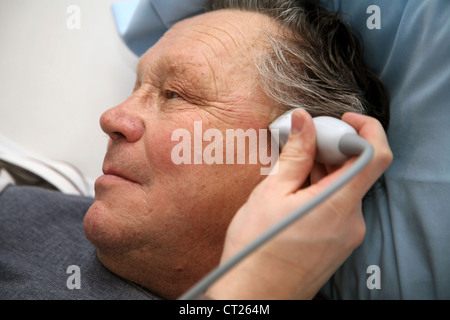 TRANSKRANIELLE DOPPLER-SONOGRAPHIE Stockfoto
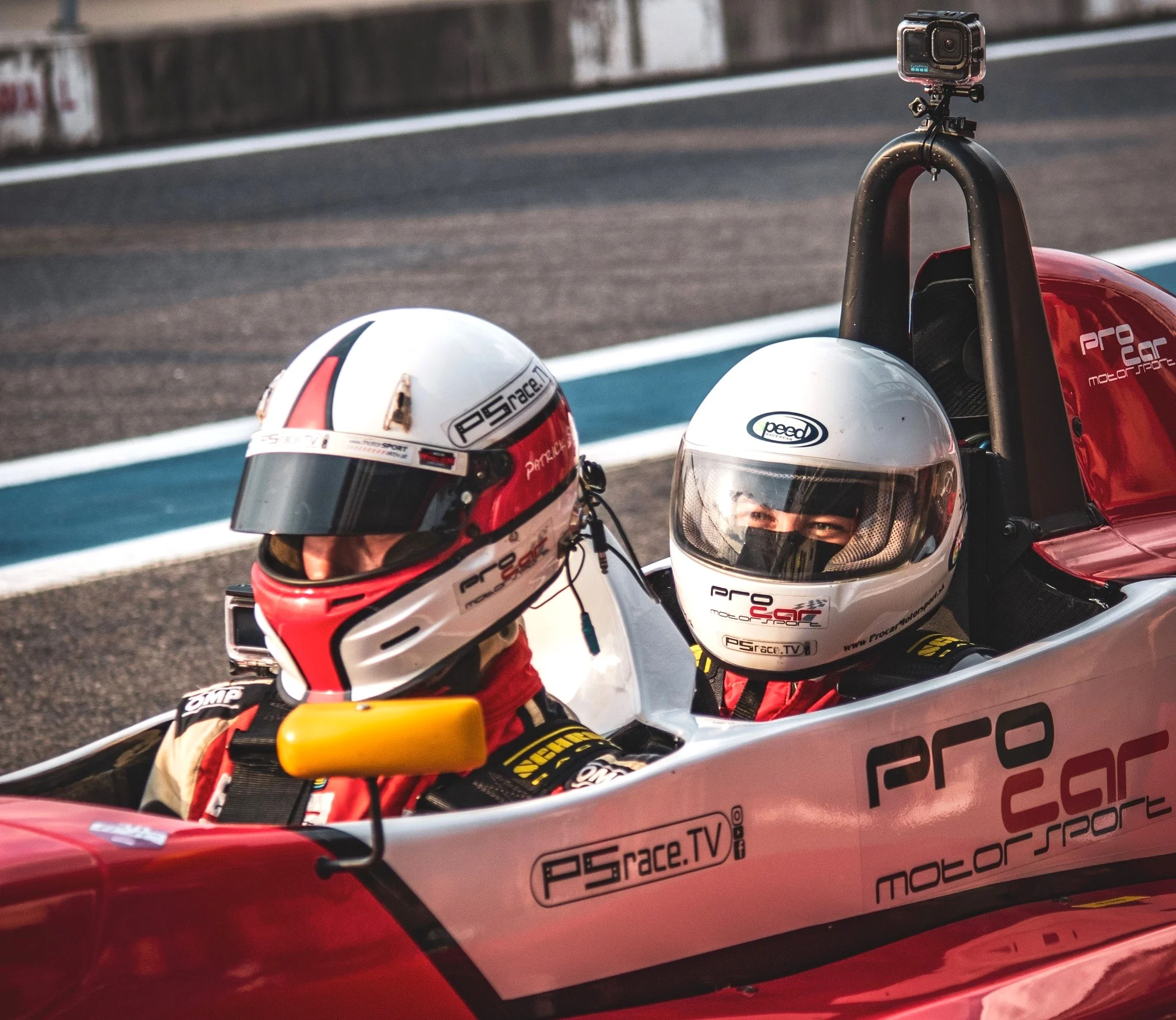 Zmeňte sa na pretekára formule F1! Jedno alebo dve kolá na dvojmiestnej formule RENAULT 2.0 na okruhu Slovakia Ring – Obrázok 6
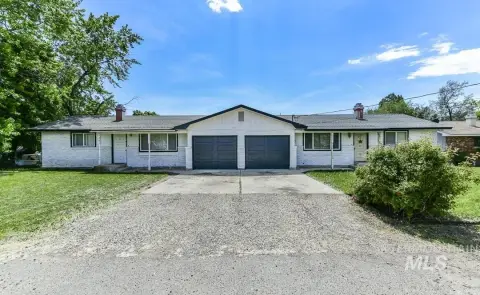 Kuna Duplex with Upgrades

★ ★ ★ ★ ★

- _WORK INSTRUCTIONS_
Line by line, write out the material exactly, leaving the images out.

- _OUTPUT_
 TRANSKRANIELLE DOPPLER-SONOGRAPHIE Stockfoto
 Zmeňte sa na pretekára formule F1! Jedno alebo dve kolá na dvojmiestnej formule RENAULT 2.0 na okruhu Slovakia Ring – Obrázok 6
 Kuna Duplex with Upgrades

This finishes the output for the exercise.